“The whole substance of his words aimed at extinguishing enmities and laying the foundations of new peace pacts”. A plaque in the courtyard of Palazzo Accursio, seat of the Municipality of Bologna, reports a quote from the chronicles of Thomas of Split dedicated to the preaching of Saint Francis of Assisi on the Piazza Maggiore in Bologna on 15 August 1222.
Extinguishing enmity and building bridges of peace is the mission of Francis’ followers today present in places where Christians are a minority. This is the case of the Holy Land and the Gulf region. They discussed the prospects of this mission in the context of XVI Franciscan Festivaltaking place right in Piazza Maggiore in Bologna, Fra’ Stefano Luca and Father Francesco Patton. Stefano Luca, a Capuchin minor friar from the Province of Lombardy, is currently responsible for Ecumenical and Interreligious Dialogue for the Apostolic Vicariate of Southern Arabia and provides his service at the Abrahamic Family House in Abu Dhabi, in the United Arab Emirates. Father Patton, belonging to the Province of Saint Anthony of the Friars Minor, has been Custos of the Holy Land since 2016, based in Jerusalem.

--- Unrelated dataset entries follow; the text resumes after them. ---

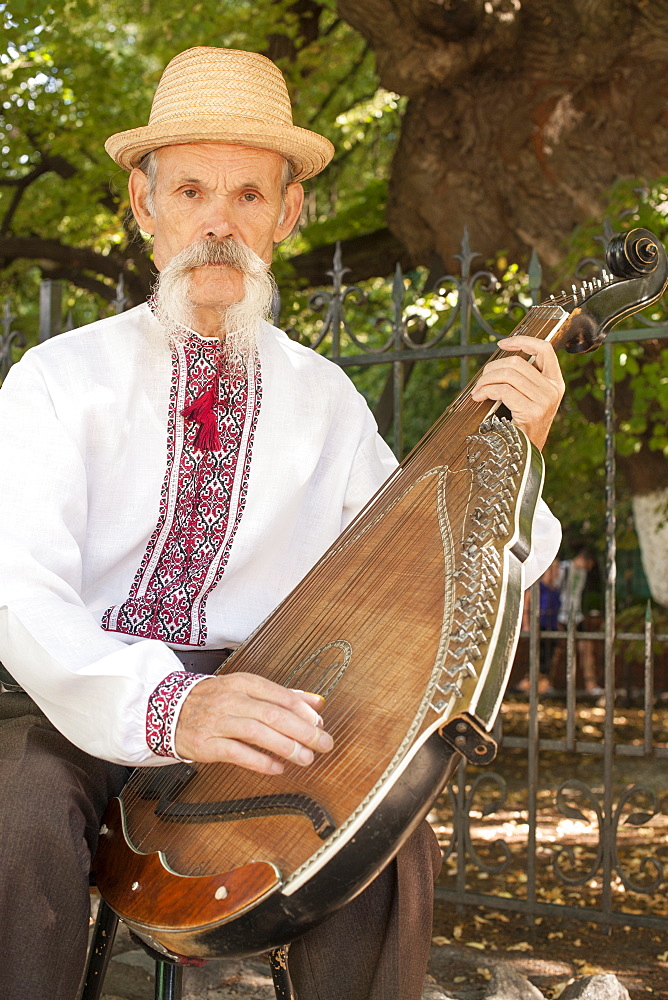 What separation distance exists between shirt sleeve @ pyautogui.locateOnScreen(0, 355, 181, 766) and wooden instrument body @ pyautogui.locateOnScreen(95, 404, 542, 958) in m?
0.16

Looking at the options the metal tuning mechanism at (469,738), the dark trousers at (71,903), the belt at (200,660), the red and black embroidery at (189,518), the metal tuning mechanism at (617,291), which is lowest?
the dark trousers at (71,903)

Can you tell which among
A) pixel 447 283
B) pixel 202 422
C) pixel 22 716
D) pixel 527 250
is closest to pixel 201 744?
pixel 22 716

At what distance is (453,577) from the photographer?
1.39 m

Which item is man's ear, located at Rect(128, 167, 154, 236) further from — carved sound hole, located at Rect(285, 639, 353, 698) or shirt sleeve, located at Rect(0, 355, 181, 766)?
carved sound hole, located at Rect(285, 639, 353, 698)

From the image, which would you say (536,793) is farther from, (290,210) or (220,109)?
(220,109)

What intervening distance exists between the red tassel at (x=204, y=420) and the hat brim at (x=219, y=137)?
21.5 inches

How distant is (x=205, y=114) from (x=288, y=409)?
632 millimetres

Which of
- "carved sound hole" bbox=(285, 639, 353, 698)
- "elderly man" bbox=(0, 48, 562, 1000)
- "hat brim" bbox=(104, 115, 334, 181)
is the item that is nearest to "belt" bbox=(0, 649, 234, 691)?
"elderly man" bbox=(0, 48, 562, 1000)

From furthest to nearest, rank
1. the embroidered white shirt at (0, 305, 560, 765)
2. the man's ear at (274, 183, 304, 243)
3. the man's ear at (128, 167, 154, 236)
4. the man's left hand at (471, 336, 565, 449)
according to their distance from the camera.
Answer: the man's ear at (274, 183, 304, 243) → the man's ear at (128, 167, 154, 236) → the man's left hand at (471, 336, 565, 449) → the embroidered white shirt at (0, 305, 560, 765)

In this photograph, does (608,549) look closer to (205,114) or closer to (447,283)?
(447,283)

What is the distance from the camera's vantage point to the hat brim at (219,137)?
2.04 m

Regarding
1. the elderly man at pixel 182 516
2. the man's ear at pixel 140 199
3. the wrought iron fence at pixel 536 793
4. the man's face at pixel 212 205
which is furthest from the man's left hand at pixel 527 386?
the wrought iron fence at pixel 536 793

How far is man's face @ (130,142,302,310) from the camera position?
2068mm

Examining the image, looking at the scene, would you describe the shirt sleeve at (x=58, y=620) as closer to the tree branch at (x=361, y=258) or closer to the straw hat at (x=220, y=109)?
the straw hat at (x=220, y=109) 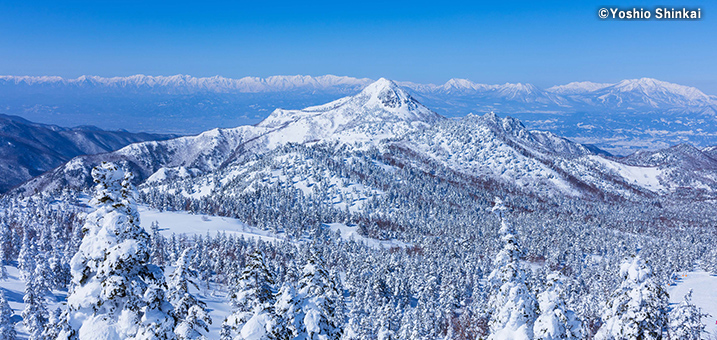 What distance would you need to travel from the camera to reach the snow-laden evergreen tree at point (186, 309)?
57.9 feet

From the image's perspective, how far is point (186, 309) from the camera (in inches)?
862

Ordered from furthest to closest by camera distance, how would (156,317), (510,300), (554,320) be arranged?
(510,300) → (554,320) → (156,317)

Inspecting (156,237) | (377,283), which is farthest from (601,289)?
(156,237)

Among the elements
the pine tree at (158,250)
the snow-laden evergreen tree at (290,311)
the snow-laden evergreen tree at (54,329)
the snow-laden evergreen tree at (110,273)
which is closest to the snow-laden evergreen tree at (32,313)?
Answer: the snow-laden evergreen tree at (54,329)

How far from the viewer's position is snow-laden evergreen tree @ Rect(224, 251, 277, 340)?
15688mm

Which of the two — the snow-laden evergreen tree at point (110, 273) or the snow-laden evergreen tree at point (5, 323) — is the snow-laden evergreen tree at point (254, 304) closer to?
the snow-laden evergreen tree at point (110, 273)

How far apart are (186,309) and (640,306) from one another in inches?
1035

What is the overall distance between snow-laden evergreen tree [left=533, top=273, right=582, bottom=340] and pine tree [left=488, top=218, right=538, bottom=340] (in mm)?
506

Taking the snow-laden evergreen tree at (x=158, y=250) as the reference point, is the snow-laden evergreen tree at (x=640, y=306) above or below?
above

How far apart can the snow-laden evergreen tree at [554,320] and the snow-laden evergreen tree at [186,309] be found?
15540mm

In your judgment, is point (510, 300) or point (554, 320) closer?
point (554, 320)

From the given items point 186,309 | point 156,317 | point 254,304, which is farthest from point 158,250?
point 156,317

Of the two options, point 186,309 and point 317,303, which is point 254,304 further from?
point 186,309

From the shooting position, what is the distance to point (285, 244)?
591 ft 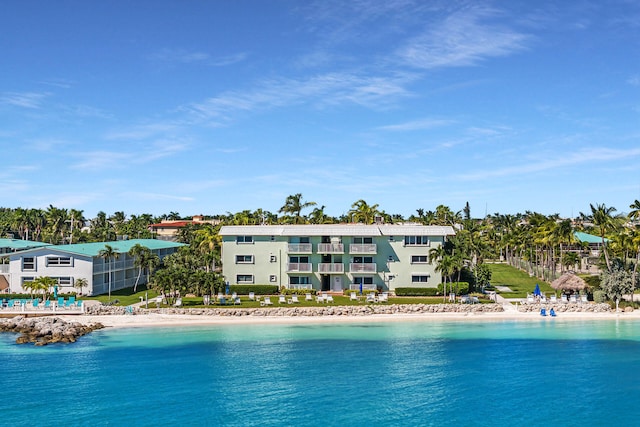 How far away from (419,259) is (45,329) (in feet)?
108

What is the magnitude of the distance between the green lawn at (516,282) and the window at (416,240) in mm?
9480

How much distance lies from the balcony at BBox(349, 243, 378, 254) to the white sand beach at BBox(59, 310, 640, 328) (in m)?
10.0

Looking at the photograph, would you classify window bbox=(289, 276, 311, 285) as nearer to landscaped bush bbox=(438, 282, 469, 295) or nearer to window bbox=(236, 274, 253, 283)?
window bbox=(236, 274, 253, 283)

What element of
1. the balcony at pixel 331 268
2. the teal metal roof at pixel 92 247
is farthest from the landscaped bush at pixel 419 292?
the teal metal roof at pixel 92 247

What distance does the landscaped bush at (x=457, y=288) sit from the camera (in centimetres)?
5500

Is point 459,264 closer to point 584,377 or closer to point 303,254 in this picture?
point 303,254

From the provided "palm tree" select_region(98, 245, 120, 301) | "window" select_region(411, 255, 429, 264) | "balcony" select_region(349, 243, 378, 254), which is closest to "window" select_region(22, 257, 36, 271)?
"palm tree" select_region(98, 245, 120, 301)

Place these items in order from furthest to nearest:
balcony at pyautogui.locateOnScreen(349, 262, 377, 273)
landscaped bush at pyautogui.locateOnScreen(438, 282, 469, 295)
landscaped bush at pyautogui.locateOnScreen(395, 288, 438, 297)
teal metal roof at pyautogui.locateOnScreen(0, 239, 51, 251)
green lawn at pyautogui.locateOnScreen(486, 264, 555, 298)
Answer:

Current events burn. The confirmation of the death of Hezbollah leader Hassan Nasrallah under Israeli bombs in Beirut came a few minutes before the meeting. Francesco Patton, who at this moment bitterly notes the absence of a desire for peace on both sides, says: “The way out of the situation we find ourselves in is the one indicated by Rachel Goldberg Polin, the young man’s mother Hersh, one of the Jewish hostages seized by Hamas and then killed: we Jews must learn to understand their suffering and they, the Palestinians, must begin to understand ours. And so we must accept each other. Because turning in on ourselves in suffering destroys us, leads us to an accumulation of anger which then explodes and devastates. If we transform suffering into empathy and compassion then we begin to lay the first bricks for reconciliation, coexistence and peace. And perhaps this is also the reason why our Lord freely chose to climb the cross and experience atrocious suffering to take upon himself the suffering of all humanity. Unfortunately I don’t see many ready to follow this path, but I believe that we Christians must learn from this mother because at this moment we too risk being infected by hatred, by resentment, by the desire for revenge, by a series of negative things that do not produce the future.”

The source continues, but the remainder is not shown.